Still Rums had a clear identity, by country. They were built
on different formulas of the same prime elements - molasses, cane juice, dunder
and water. Rums were made on sugar cane estates and these
elements were what was available.
Economics drove
change. Agricole - rum from pure juice - blossomed in
the 19th century from a myriad of economic factors. City based commercial distilleries arrived molasses
only obviously. Cultured yeast
fermentations of 48 hours arrived instead of 2 weeks and of course the column
still which changed rum irreversibly forever.
In the small
islands of the anglophone Caribbean, free trade has seen the demise of the
sugar industry in recent decades and today, the historic great producers are
obliged to import molasses.
St.
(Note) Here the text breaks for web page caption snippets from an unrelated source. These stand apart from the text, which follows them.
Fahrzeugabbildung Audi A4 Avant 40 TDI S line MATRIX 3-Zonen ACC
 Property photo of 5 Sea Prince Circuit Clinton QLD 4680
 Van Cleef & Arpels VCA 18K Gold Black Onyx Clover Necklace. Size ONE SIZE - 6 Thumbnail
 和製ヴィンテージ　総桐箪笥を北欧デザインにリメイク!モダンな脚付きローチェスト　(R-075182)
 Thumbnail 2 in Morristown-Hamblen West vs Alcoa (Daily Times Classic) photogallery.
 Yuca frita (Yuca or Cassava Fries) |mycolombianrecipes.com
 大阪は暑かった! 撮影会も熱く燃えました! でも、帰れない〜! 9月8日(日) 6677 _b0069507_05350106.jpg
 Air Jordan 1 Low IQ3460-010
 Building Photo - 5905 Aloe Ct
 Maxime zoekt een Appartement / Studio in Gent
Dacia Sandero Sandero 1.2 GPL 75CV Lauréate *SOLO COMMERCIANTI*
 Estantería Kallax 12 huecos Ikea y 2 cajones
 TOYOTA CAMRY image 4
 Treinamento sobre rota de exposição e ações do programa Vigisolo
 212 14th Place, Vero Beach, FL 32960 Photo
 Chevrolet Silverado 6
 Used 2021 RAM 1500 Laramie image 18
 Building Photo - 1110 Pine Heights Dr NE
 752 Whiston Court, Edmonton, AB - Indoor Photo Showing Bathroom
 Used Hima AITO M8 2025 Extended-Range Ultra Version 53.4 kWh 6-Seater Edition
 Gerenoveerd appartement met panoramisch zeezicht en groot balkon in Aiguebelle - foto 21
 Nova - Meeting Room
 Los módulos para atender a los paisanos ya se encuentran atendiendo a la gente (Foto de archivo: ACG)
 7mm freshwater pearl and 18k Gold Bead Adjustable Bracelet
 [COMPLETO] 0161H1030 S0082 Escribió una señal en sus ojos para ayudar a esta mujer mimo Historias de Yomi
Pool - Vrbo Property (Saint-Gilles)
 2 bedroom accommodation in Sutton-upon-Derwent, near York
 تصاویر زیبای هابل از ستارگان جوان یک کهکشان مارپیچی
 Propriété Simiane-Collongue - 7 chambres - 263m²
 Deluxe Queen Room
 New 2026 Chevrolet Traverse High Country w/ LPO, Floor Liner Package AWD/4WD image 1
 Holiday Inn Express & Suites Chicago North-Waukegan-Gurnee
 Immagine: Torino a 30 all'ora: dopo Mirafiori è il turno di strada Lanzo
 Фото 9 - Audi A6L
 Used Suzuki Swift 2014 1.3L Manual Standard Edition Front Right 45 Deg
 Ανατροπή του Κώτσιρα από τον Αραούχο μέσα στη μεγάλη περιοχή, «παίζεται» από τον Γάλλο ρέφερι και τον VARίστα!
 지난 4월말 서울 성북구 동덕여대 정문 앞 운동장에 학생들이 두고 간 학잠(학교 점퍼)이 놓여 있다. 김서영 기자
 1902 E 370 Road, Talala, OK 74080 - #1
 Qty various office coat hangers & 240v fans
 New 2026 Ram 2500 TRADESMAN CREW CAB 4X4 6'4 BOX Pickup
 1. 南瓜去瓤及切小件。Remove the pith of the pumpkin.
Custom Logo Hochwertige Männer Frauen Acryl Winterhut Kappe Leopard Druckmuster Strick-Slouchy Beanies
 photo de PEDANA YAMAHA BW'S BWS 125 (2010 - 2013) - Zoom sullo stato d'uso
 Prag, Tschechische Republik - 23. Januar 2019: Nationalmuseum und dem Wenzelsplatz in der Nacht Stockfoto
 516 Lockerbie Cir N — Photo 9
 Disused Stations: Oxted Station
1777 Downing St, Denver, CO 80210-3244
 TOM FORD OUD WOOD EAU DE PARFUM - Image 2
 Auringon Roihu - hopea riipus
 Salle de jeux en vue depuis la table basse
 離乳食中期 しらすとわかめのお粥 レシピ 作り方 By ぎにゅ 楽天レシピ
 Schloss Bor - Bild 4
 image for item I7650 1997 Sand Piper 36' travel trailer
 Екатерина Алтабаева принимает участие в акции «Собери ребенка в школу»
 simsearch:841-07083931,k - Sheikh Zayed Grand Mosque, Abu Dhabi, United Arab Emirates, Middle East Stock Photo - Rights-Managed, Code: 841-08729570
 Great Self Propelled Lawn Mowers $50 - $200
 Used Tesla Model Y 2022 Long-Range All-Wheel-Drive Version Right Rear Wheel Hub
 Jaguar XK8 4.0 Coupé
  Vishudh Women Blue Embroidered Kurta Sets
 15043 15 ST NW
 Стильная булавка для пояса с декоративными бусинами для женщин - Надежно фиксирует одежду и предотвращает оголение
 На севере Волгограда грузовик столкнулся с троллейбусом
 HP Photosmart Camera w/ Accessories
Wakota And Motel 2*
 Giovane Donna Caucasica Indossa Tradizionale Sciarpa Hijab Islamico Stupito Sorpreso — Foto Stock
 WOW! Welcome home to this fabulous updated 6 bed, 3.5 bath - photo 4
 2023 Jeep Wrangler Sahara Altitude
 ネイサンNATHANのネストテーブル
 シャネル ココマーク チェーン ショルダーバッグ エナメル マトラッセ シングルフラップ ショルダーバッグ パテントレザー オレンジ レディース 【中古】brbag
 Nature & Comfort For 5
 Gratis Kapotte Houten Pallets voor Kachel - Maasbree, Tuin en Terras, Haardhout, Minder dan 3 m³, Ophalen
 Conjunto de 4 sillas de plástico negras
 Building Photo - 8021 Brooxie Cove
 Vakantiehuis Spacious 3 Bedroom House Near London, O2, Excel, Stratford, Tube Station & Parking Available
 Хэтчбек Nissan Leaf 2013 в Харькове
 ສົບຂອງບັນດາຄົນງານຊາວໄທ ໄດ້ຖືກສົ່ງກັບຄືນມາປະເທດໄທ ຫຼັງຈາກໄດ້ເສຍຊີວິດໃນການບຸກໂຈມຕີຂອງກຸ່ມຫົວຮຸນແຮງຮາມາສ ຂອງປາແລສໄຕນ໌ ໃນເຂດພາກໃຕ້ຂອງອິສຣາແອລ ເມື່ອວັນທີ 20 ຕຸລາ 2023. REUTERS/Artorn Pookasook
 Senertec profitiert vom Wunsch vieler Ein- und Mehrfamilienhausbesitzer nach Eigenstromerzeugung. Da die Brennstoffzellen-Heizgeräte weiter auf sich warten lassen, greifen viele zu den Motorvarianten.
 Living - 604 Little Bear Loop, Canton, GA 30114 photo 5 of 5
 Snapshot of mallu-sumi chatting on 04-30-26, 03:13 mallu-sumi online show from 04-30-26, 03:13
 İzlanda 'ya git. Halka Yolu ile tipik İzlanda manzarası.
Nicolas Abbey Cane Crusher |
We are not doing
this to mimic agricole rum. Even if we release pure cane juice rum in the
future, we won’t call it agricole. We believe agricole is the sole provenance
of our French friends. We may use
dunder as well as we push the envelope in getting flavor from the cane but we
are not trying to mimic Jamaican rum. Definitely
no muck pits or dunder pits though ! We
are not trying to recreate some specific rum formula from the past. Again,
too much respect for our forefathers to use them as marketing gimmicks. We are trying to maintain our near 400 year
heritage as a sugar cane growing country. We are trying to reestablish the historic
link between Foursquare distillery and the sugar cane estate where it is
nestled. It is not about 'terroir', it
is not about juice v molasses, it is about controlling your destiny.